Work to complete =
In the listing below, find the line containing "Kitty Holster Cat" and the line containing "Hurtownia Pipetto - 5060520954042", then copy exactly everything from the first through the second, except the pictures.

Exercise materials =
═══

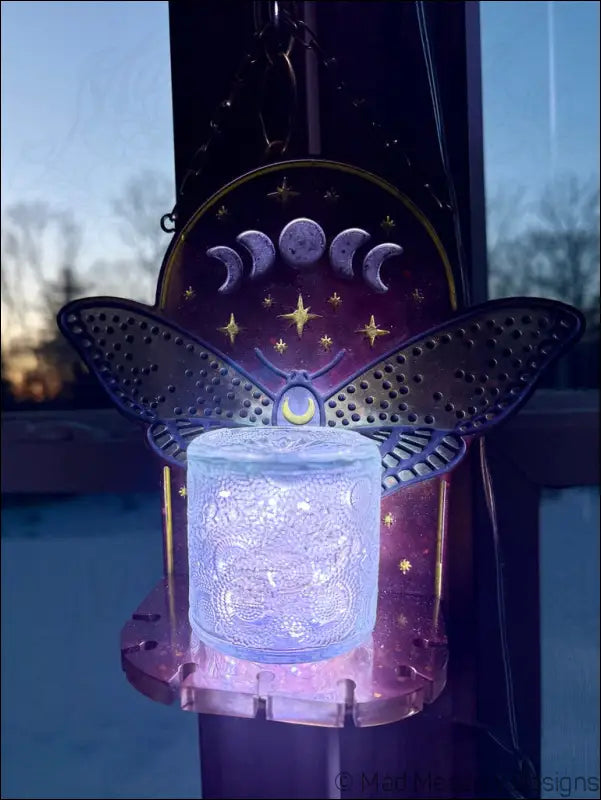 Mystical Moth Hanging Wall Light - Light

═══

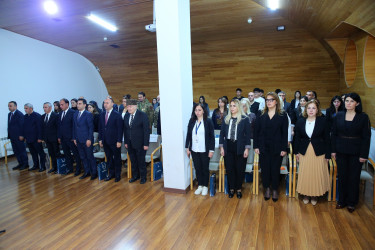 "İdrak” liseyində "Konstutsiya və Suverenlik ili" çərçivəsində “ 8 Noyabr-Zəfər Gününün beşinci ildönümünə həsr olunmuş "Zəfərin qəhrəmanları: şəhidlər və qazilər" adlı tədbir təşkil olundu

═══

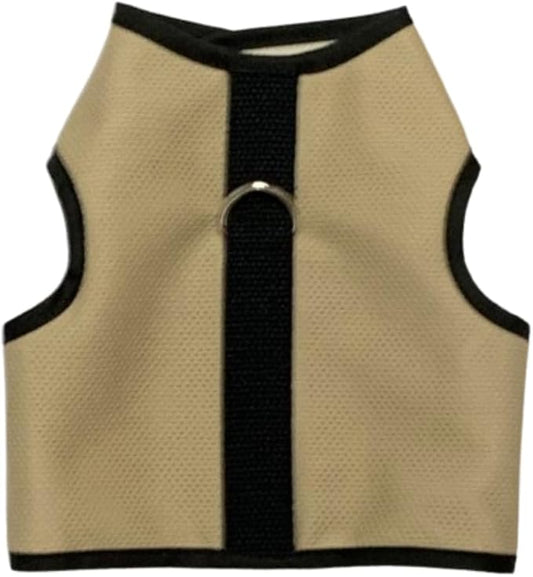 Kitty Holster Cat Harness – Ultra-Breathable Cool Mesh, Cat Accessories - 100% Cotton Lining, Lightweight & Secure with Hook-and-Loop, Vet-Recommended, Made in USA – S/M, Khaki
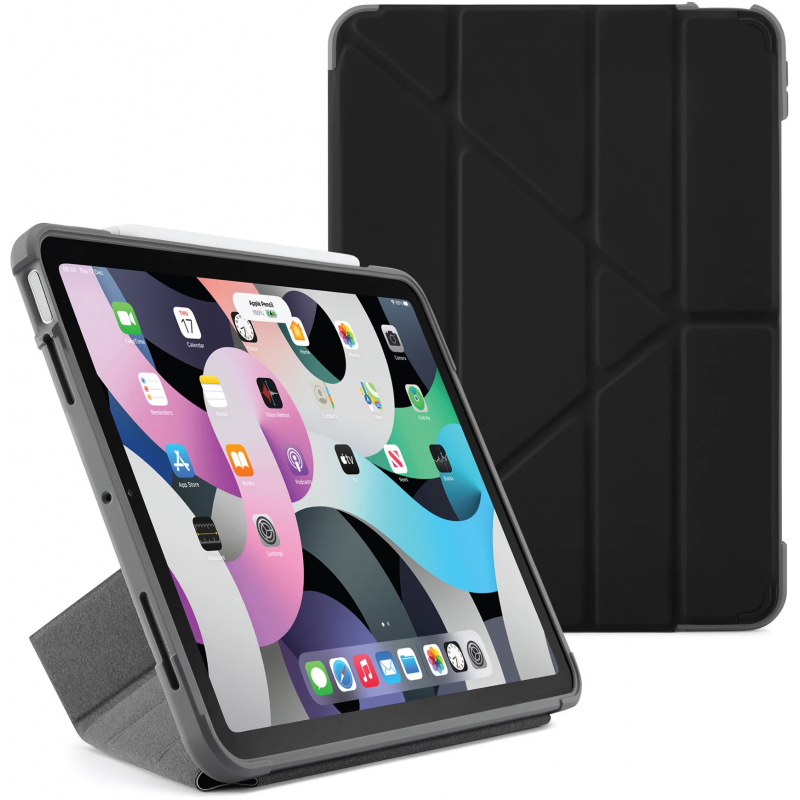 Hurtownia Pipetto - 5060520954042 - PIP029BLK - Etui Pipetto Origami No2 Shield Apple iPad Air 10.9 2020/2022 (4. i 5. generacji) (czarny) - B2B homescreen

═══

Answer section =
 Kitty Holster Cat Harness – Ultra-Breathable Cool Mesh, Cat Accessories - 100% Cotton Lining, Lightweight & Secure with Hook-and-Loop, Vet-Recommended, Made in USA – S/M, Khaki
 Hurtownia Pipetto - 5060520954042 - PIP029BLK - Etui Pipetto Origami No2 Shield Apple iPad Air 10.9 2020/2022 (4. i 5. generacji) (czarny) - B2B homescreen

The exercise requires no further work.